Jurg’s tria was the first to sit in the magnificent chairs. The other adult tria sat to their left. Each son sat beside his father. Six Rezzians sat across from the nine Andarans. The warpriests wore their flowing tunics that covered all but their hands and feet; one of them had an orange tear tattooed on one of his cheeks and the other wore a gold ring bearing a lion’s maned head. Skye noted the massive arms on the Rezzian soldier in front of him, a mountain of a warrior. Skye wasn’t that big, not yet, but he refused to let a drop of intimidation swim in his gut.

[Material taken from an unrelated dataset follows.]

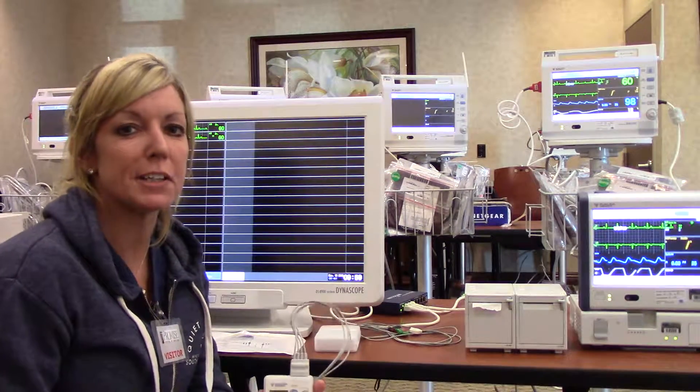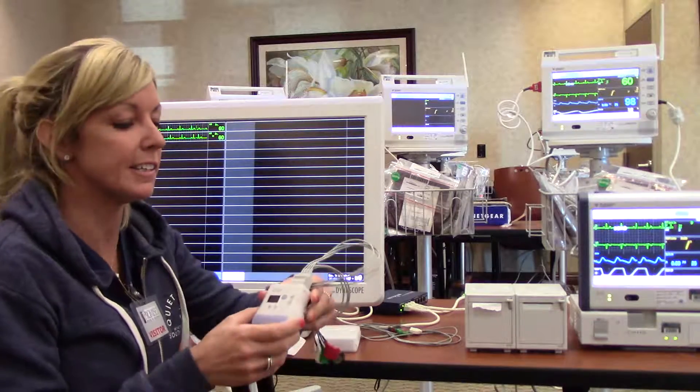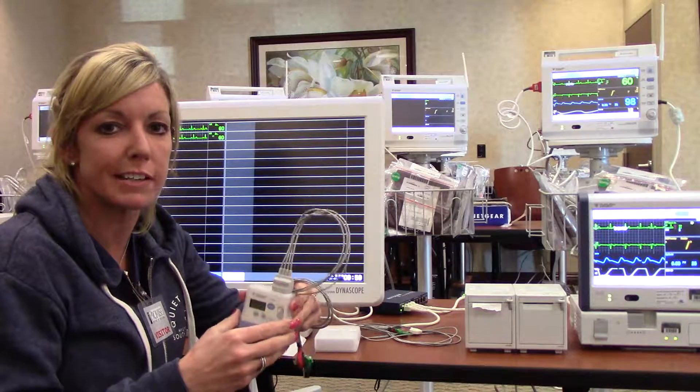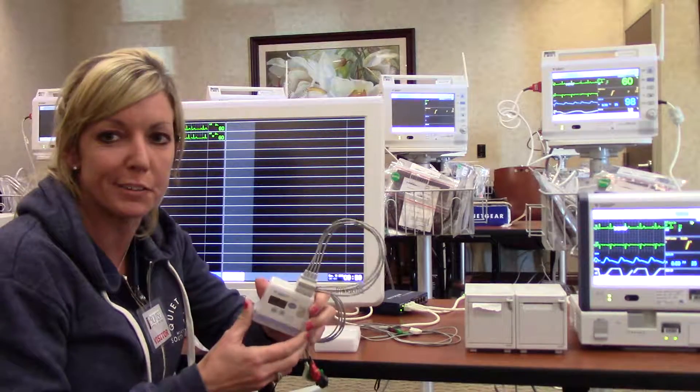Hi, we're here to talk about the equipment from Fukuda-Denshi: the telemetry monitoring units, the bedside heart monitors, the rolling stand heart monitors, and the central monitoring devices.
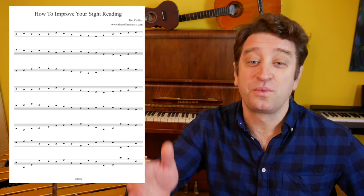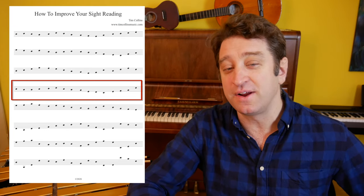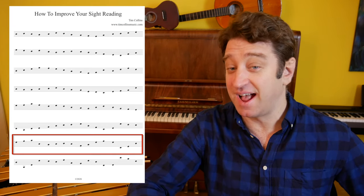Increase the difficulty. Start with stepwise motion within a narrow range. Gradually add wider intervals, ledger lines, and accidentals.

The Rezzian servants brought wooden plates of sizzling lamb covered in a dark sauce. The scent teased Skye again. His stomach clenched.

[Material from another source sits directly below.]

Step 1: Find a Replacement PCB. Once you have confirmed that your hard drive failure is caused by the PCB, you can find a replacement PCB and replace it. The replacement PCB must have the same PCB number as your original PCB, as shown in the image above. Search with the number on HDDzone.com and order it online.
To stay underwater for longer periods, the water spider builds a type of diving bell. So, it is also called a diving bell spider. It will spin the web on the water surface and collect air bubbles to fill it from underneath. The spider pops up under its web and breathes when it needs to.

The Strategos gripped the side of the table before he spoke. “King Vieri has recalled my legions.”
Skye sat taller with excitement. Could it be? After all this time?
“Where are you going?” Folkvar asked the long-haired Strategos.
The Strategos smiled with crooked lips. “Now why would I tell you that?” He shared the grin with warpriest beside him.
“Because you want something from us. And if you treat us like men, you’re more likely to get it.”
The Strategos sucked in his cheeks, considering. “If I reveal my honest hand to you, I expect you to do the same.”
“My men have been called to fight Pawelon in the canyon. We’re going to help our king turn the tide. Isn’t it true that everything takes longer than one would expect?”
Yes, Skye thought, so get the Hel out of Andars or let us cut your throats and be done with it.
The Strategos continued, “To tell the truth, I’m hungry for real battles again. Andars is beautiful, and that’s the best we can say about your men.”
Folkvar surged to his feet, and thirteen hands flew to the handles of their weapons.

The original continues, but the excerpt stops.